(Captioned web images)
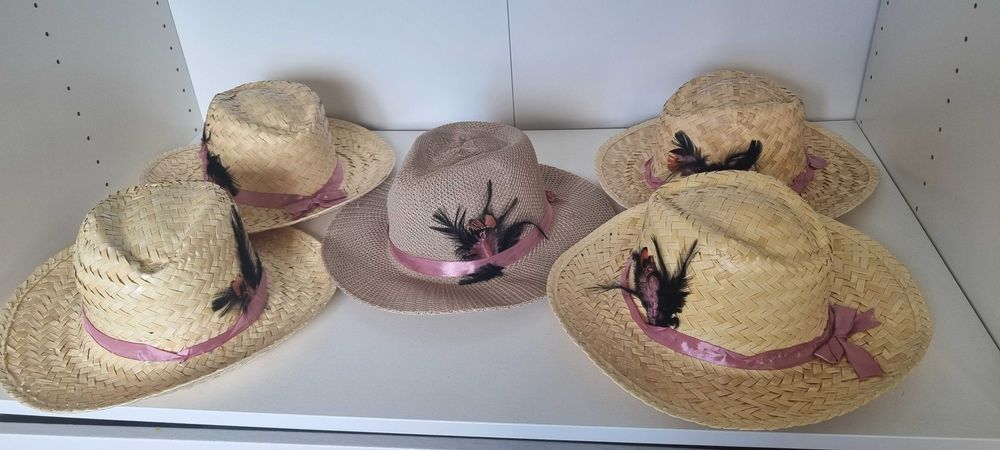 Conjunto de chapéus temáticos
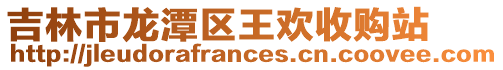 吉林市龍潭區王歡收購站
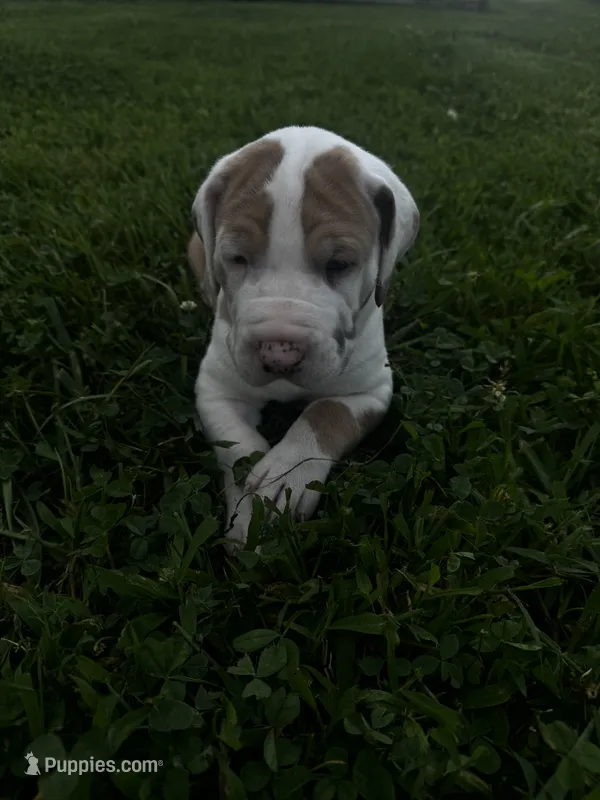 Green collar – Great Dane puppy for sale in Webb City, MO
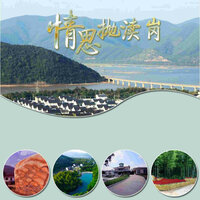 情思抛渎岗 - 李庆芳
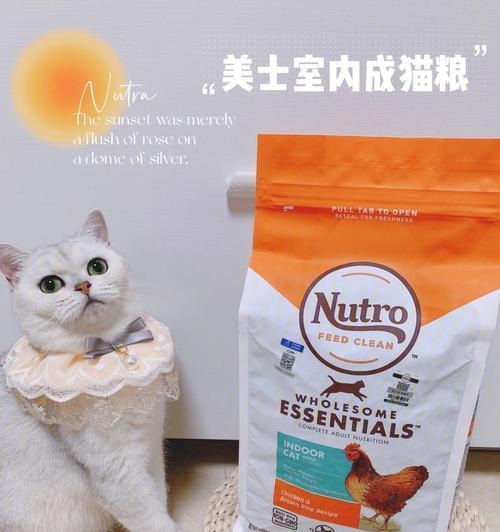 灰猫专吃猫粮怎么办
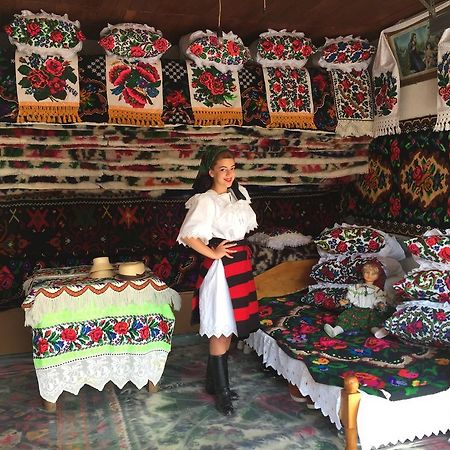 Pensiunea Maramures Ocna Şugatag Εξωτερικό φωτογραφία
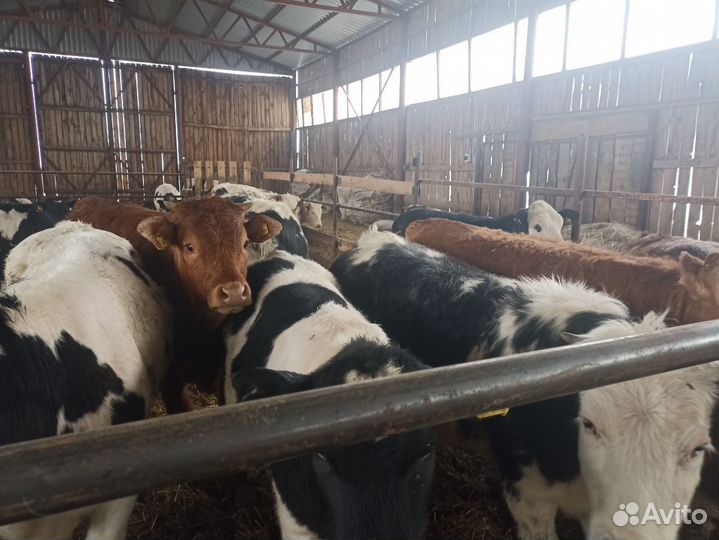 Телки супер мясной породы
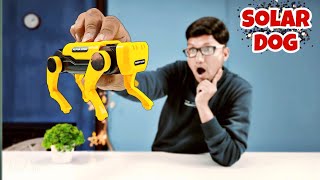 Solar Electric Mechanical Dog - Unboxing and Review - Peephole View Toys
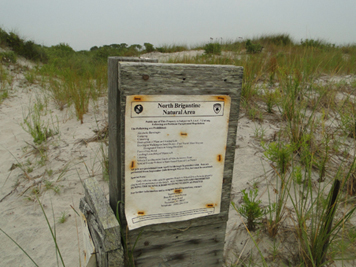 Coastal dune habitat and sign for wildlife conservation area on New Jersey coast.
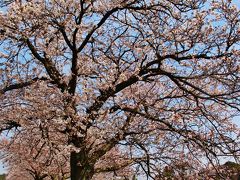 今井の桜並木　開花！　金山落しの両岸２ｋｍに　☆手賀沼西畔で静かな花見
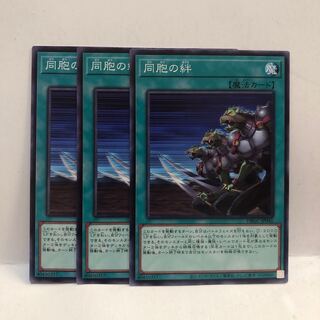 同胞の絆　ノーマル　3枚　マホ子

| Action item |
Only the lines from the start of the records to the one containing "Coastal dune habitat" should be repeated, exactly and with both ends kept; drop any pictures.

| Answer area |
 Conjunto de chapéus temáticos
 吉林市龍潭區王歡收購站
 Green collar – Great Dane puppy for sale in Webb City, MO
 情思抛渎岗 - 李庆芳
 灰猫专吃猫粮怎么办
 Pensiunea Maramures Ocna Şugatag Εξωτερικό φωτογραφία
 Телки супер мясной породы
 Solar Electric Mechanical Dog - Unboxing and Review - Peephole View Toys
 Coastal dune habitat and sign for wildlife conservation area on New Jersey coast.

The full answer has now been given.